方法3 : メモをスマホで撮って写真を毎日見る

スマホ中毒の人向きの方法です。

  • ノートやメモ帳に1ページに1つの覚えたいことを大きく書き出す
  • 絵や図を描くとなお良い。ここまで同じ。
  • スマホで写真に撮る。
  • 「第二種電気工事士」というフォルダに入れて、毎日見る。(名前は何でもいいです。)

やってることは同じですね。ちなみに、写真は書き直しがしにくい(即修正しにくい)というデメリットはあります。

あとがき

ざっくりまとめると、以下になります。

  • 繰り返す回数を増やして覚えよう
  • 特に新規の事項は翌日に復習しよう
  • 覚えられていない買った事項は付箋を貼って翌日に復習しよう
  • 覚えにくい事項は別途切り出し(別のなにかに書き出し)て毎日見よう

範囲は広く大変ですので1周目は大変ですが、そこを乗り切れれば後は脳に刷り込む作業の繰り返しです。1周目に比べればグッと楽になりますので、ぜひ、そこまでたどり着きましょう。

以降はおまけの自分語りです。読まなくて大丈夫です。

方法4 : (参考)Ankiアプリにぶちこむ

この方法はオススメはしにくいですが、私がやっていた方法です。

実は、この記事でオススメ繰り返しの手法も、毎日見て覚える方法も、第二種電気工事士試験に対しては、私はやってませんでした。(他の資格試験ではやってみて実際に良かったでんす。これは本当。)

私が使ったのは、 Anki というアプリでした。

https://apps.ankiweb.net/

フラッシュカード(裏表に書き込む単語帳のような物)のアプリです。覚えたい情報をこのアプリに登録しておくと、忘却曲線に従って、いい感じのタイミングで思い出させてくれるアプリです。マニアック過ぎるので、アプリの説明はこの程度に留めておきます。

全問題、全覚えたい事項を、スクショを撮ってぶちこみました。問題には手書きのメモも書き込みました。復習タイミングは一切考えず、すべて Anki に任せました。

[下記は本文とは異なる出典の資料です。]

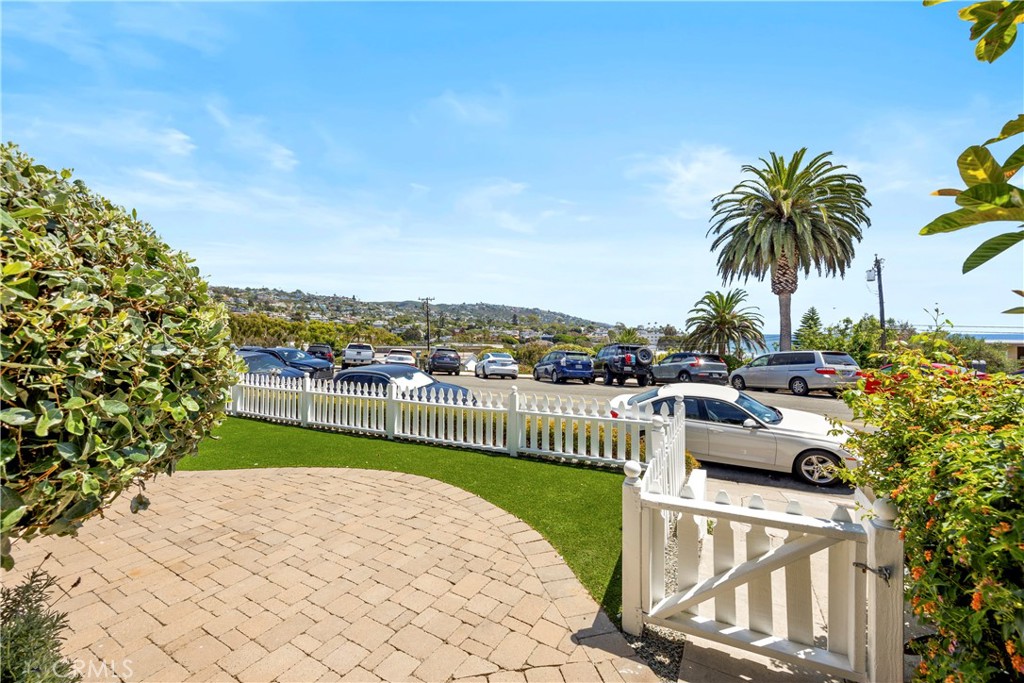 220 Cliff Drive 4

表面には書き込みの無い問題を、裏面は以下のようにゴリゴリに書き込んだスクショを貼り付けました。(そのまま使えないように部分的に切り出した画像にしておきます。)

書き込みのある過去問
書き込みのある過去問

このカードを作る労力が結構必要でして、とてもオススメはできないなと思いました。あと、アプリの使い方をわざわざ覚えるのも無駄が多いですね。

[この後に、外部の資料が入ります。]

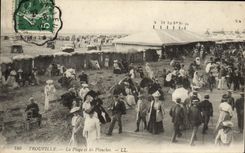 CPA Trouville La Plage et les Planches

ただ、 Anki は何でも覚えられて現在最強の方法だと思ってます。

英語学習系の書籍では紹介されることがありますね。興味のある方に向けにて一応掲載しておきます。

何度も書きますが、この方法をオススメはしません。万人には勧められないマニアックな方法と自覚しています。まあ、アナログな方法でも十二分に効率よく勉強できますよ。マジで。